SWCC Vice President of Instruction Lindsay Stoaks said the board approved the purchase of the car at their December meeting. Ayala said the total cost of the project was $9,140.
A community effort
Ayala said sophomore Blaize Reha played a critical part in organizing the police car project. Reha, who is enrolled in the criminal justice program, said he began to look for a car around town that would fit the bill.
“I went out into the community and talked to the dealerships in the community and told them what we were looking for and what we were wanting to do,” he said.
Reha said he spoke with Tony Stuart from Hi-Crest Auto and purchased a white, Chevrolet Impala LTZ sedan for $6,000.
Reha said he also went to Big Boyz Toyz, 900 S. Division St., as they do equipment installation for the Creston Police Department and Union County Sheriff’s Office. Asa Denton at Big Boyz Toyz installed the equipment for $2,920. Tyler Wolf, owner of Big Boyz Toyz, said his company donated the police cruiser equipment they installed.
Ayala said between the LED lights, flashing headlights and taillights, radar system, sirens, speakers, and control panel, the equipment donation was worth about $5,000. Reha said Bobby Wintermute, owner of Graphic Displays in Creston, added the finishing touches. Ayala said the car’s decals totaled $220.
Reha said the project was one in which they sought to get the community involved.
“That was one of our key things, to try to keep everything local,” he said.
Ayala said that the local businesses involved played a key role.
“We obviously bought the car, we paid for the installation, we paid for the decals, but people kind of stepped up and reduced some rates in order for us to have this,” he said.
Ayala said the car made police cruiser will now serve as a mobile classroom.
“So, we can just kind of tool around campus and press the buttons and kind of help them understand what each button means,” he said.
Ayala said it will serve as an opportunity for students throughout the year, where as visits from the professionals are often short-lived.
“If I asked a Creston Police officer or state trooper to come in with their car, they could only stay for so long, because they have work to do,” he said.

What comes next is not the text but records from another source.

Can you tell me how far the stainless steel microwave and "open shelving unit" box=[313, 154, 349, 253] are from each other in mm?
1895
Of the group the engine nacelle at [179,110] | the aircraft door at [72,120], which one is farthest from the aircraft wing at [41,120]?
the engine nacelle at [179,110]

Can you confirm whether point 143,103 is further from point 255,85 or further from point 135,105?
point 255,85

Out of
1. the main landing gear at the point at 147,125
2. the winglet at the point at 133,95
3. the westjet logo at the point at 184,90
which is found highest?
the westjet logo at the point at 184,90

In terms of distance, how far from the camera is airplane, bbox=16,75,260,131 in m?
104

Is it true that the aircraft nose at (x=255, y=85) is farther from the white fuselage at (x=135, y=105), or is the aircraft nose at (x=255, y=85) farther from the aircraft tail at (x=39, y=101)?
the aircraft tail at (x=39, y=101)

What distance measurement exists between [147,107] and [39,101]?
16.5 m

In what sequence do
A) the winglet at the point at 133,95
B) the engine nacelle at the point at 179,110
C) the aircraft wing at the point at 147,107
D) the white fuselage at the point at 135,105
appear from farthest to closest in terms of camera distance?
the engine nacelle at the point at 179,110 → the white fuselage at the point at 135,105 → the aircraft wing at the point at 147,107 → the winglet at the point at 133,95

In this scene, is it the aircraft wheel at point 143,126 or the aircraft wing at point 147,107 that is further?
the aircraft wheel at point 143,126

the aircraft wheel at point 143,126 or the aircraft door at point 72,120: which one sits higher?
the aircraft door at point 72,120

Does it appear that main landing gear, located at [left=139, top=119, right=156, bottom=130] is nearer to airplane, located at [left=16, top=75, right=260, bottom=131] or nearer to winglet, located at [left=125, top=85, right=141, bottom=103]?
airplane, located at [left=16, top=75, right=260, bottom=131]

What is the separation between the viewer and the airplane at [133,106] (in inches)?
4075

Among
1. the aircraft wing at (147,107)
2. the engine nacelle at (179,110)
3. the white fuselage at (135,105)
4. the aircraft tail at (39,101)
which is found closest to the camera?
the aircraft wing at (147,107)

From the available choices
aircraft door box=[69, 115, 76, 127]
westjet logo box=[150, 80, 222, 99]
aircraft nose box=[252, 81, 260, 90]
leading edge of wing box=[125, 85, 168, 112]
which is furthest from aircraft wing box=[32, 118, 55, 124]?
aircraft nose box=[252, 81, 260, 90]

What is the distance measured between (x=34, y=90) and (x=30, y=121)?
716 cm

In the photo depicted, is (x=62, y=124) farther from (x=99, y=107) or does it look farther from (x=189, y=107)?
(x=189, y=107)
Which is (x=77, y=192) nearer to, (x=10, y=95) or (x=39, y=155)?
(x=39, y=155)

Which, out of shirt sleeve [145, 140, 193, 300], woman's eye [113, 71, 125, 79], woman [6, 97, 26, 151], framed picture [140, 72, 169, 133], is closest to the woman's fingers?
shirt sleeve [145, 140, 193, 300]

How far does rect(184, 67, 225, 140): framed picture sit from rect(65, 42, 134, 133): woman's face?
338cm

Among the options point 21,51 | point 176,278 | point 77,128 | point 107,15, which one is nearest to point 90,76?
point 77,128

Ayala said when police officers do come in, however, they will be able to utilize the program’s car for instruction.
“It has all the bells and whistles that a regular patrol car has,” he said.
Ayala said the car is strictly for campus use, with intentional decals which say, “SWCC COUNTY.”

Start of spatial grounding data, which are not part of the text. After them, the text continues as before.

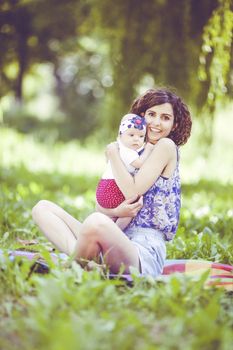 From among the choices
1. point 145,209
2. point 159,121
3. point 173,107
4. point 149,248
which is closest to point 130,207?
point 145,209

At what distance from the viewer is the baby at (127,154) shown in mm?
3468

“There’s nothing that would indicate that it’s a police car. We’re not going to drive it around Creston pulling people over — nothing like that,” he said.
Reha, who is set to graduate this spring, said the car offers multiple benefits to students.

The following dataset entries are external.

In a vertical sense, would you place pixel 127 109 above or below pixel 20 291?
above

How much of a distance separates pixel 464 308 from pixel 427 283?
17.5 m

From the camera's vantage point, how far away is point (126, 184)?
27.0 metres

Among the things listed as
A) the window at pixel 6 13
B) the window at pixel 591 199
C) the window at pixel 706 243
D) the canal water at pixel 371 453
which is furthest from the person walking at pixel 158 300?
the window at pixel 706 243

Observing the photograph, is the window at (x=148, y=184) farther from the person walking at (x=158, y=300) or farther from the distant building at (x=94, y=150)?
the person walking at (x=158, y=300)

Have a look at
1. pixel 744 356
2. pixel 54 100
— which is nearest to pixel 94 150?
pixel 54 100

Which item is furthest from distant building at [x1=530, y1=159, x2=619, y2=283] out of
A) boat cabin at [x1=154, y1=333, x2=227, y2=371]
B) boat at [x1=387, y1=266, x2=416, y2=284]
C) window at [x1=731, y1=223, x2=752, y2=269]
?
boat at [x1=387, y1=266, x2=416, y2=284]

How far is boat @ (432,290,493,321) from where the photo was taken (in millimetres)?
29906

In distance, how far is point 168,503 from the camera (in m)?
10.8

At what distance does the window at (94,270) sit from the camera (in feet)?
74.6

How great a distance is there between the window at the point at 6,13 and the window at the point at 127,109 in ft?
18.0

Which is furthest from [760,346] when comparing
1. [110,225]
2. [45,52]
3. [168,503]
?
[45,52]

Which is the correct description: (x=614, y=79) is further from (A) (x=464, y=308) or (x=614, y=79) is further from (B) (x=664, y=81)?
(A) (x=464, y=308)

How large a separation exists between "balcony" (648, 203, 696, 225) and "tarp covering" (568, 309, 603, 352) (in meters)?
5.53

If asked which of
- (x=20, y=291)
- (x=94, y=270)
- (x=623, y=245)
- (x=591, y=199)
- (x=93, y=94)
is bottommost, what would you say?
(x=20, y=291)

“It’s great to get in there and get the feel with all the lights going, the siren, learning how to run radar,” he said.
Ayala said he would also like to utilize the car for marketing purposes in parades and give presentations to students at public schools.
“Little kids love this kind of stuff. We’ll have them come sit in the car and press the buttons,” he said.
Ayala said criminal justice students now have another tool for the classroom.
“The more hands-on, the better,” he said.
Ayala said the program offers hands-on learning opportunities such as analyzing fingerprints and blood spatter, studying bullet trajectory, casting footprints, photographing artificial crime scenes, labeling evidence, and more at Taylor Crime Lab, located right on campus.
“The whole purpose of the program is to be functional. It’s not just learning, it’s the tools of the trade,” he said.
Some of these tools include drones, fake handguns, handcuffs, and body cameras. And the program invites professional guest speakers each semester such as attorneys, police officers, and even FBI agents.
“We’re trying to get students all the best they can before they go on to different jobs,” Ayala said.
Ayala said the project could not have come together without the support from the community and the college.
“Administration obviously sees some of the vision and definitely helps execute it,” he said.
According to their website, SWCC’s Criminal Justice Program is an option for students seeking a career as a law enforcement officer, bailiff, correctional officer, jailer, probation officer, correction treatment specialist, security officer, dispatcher, and more.
“Dio’s done a phenomenal job starting the program from the ground up. And he has just taken it, and then, ran with it,” Stoaks said.